Sumner County ad hoc committee urges coordinator role to tackle volunteer fire staffing shortfalls
Summary
An ad hoc Sumner County committee agreed to recommend appointing a county fire coordinator/administrator and to invite CTAS for legal and funding guidance after concluding volunteer recruitment alone is unlikely to meet projected staffing needs; departments will supply roster and response data ahead of the next meeting.
Speaker 1, an ad hoc committee member leading the discussion, said the committee’s top concern is volunteer staffing shortfalls and the lack of a single verified dataset for planning. "We either have to really get to volunteering to 2x and 3x," Speaker 1 said, summarizing calculations that showed many stations would need to double or triple their active volunteers to meet coverage targets. The comments opened a multi-hour discussion of staffing formulas, funding models and governance options.
The committee considered two analytic approaches distributed at the meeting — a simple per-household calculation and a demand-index method that weights EMS calls more heavily than structure fires — and concluded both point to a substantial gap between current rosters and the county’s projected needs. The packet used population, house counts and 2024 call volumes as inputs; Speaker 1 said the materials indicate a "minimum active roster" target near 50 volunteers per station in the formula, a level many departments would need to increase two- to threefold.
Why it matters: The committee framed the problem as a combination of rising county population, uneven coverage among volunteer departments and inconsistent data sources. Speakers noted differences between controller’s office figures, census counts and local GIS exports that produce materially different staffing and ISO (Insurance Services Office) assessments. That inconsistency, members said, undermines grant competitiveness and complicates any move to contracts or a county-level service.
Funding and governance options were debated at length. Members described three primary approaches: continue with nonprofit donations and small pay-per-call stipends; contract with nonprofit departments to attach oversight and performance conditions; or create a county-run fire service. Several speakers cited Robertson and Rutherford counties as precedents: Robertson used a SAFER grant and county donations to support pay-per-call; Rutherford began with a county fire coordinator and evolved toward a county service over years. "The best thing they could tell us was they started with a coordinator," Speaker 2 said, describing Rutherford’s experience.

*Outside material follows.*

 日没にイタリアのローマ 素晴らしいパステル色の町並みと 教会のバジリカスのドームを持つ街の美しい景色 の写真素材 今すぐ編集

The committee focused on an incremental recommendation: appoint a Sumner County fire coordinator/administrator (initially unpaid or part-time or funded via nonprofit donation) to centralize data collection, coordinate training and improve grant and procurement efficiency. Proponents said a coordinator could bundle grant applications (improving ranking on call-line-based lists), standardize roster and response reporting for ISO reviews, and pursue economies of scale on consumables and capital procurement.
On next steps, the committee voted by voice to include the coordinator position in its recommendation and asked staff to invite Mark Alley of the County Technical Assistance Service (CTAS) to the next meeting to clarify legal options and funding structures under Tennessee code. Members asked each fire department to provide current roster numbers and realistic estimates of how many volunteers they can reliably put on scene and at what times of day. The committee also agreed to invite local fire chiefs to participate in the subsequent discussion.
The motion to incorporate a coordinator into the committee's recommendation was adopted by voice vote; the transcript does not record a roll-call tally. The committee adjourned after instructing staff to gather the requested data and secure CTAS participation for the next meeting.
Ending: The ad hoc group left its central question framed as a phased choice: preserve and shore up volunteer departments with limited funding mechanisms such as pay-per-call and contracts, or build toward a county-level coordinating structure that could, over time, evolve into more centralized services if local conditions and political will allow. The committee will reconvene with updated rosters, chiefs in attendance and CTAS guidance.